High-Q impurity photon states bounded by a photonic-band-pseudogap in an optically-thick photonic-crystal slab
Se-Heon Kim, Andrew Homyk, Sameer Walavalkar, and Axel Scherer

TL;DR
This paper demonstrates that high-Q impurity photon states can be achieved in a 2D photonic-crystal slab without a full photonic band gap, by controlling in-plane modes through boundary feedback.
Contribution
It introduces a novel mechanism to attain high-Q impurity states in photonic crystals without requiring a complete band gap, using boundary feedback to suppress mode coupling.
Findings
Achieved Q factors over 10^5 in a 2D photonic-crystal slab.
Controlled in-plane mode density via boundary feedback.
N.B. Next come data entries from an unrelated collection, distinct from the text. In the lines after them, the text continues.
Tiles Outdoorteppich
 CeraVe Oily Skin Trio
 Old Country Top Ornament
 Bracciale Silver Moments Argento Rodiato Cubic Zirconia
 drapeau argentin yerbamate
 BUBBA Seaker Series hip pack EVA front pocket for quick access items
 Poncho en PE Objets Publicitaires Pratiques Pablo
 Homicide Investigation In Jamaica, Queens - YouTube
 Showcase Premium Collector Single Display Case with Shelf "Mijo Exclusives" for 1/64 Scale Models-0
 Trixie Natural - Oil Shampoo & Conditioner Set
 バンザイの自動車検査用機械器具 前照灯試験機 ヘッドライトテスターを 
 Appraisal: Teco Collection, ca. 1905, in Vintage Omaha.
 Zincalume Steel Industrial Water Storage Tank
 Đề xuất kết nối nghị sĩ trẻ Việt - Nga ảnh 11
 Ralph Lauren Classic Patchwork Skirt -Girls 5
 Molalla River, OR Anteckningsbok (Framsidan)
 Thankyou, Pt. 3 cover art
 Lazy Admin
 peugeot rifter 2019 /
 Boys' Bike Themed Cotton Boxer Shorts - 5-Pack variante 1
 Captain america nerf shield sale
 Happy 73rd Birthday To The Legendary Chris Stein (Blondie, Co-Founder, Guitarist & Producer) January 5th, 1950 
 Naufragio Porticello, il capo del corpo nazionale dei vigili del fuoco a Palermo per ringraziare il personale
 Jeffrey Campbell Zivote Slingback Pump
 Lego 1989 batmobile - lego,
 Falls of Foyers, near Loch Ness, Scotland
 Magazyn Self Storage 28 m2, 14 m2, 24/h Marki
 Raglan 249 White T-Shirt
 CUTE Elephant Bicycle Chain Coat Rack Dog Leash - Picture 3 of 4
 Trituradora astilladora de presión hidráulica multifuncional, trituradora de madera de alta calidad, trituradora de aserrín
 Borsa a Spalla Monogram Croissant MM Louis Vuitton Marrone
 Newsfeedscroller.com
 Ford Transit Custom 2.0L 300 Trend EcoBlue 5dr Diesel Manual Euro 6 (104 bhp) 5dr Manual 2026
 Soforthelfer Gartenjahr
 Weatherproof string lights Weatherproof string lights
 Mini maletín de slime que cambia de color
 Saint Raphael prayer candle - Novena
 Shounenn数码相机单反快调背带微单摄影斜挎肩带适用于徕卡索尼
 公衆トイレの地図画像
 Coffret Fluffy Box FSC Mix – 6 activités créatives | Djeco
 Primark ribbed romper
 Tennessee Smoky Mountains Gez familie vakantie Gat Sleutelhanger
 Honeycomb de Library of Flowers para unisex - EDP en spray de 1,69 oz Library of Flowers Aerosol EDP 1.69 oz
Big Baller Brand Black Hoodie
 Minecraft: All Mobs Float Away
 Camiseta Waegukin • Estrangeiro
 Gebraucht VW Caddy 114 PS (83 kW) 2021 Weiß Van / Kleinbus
Reduced coupling between impurity states and Bloch modes by over 40 times.
Abstract
We show that, taking a two-dimensional photonic-crystal slab system as an example, surprisingly high quality factors (Q) over 10^5 are achievable, even in the absence of a rigorous photonic-band-gap. We find that the density of in-plane Bloch modes can be controlled by creating additional photon feedback from a finite-size photonic-crystal boundary that serves as a low-Q resonator. This mechanism enables significant reduction in the coupling strength between the bound state and the extended Bloch modes by more than a factor of 40.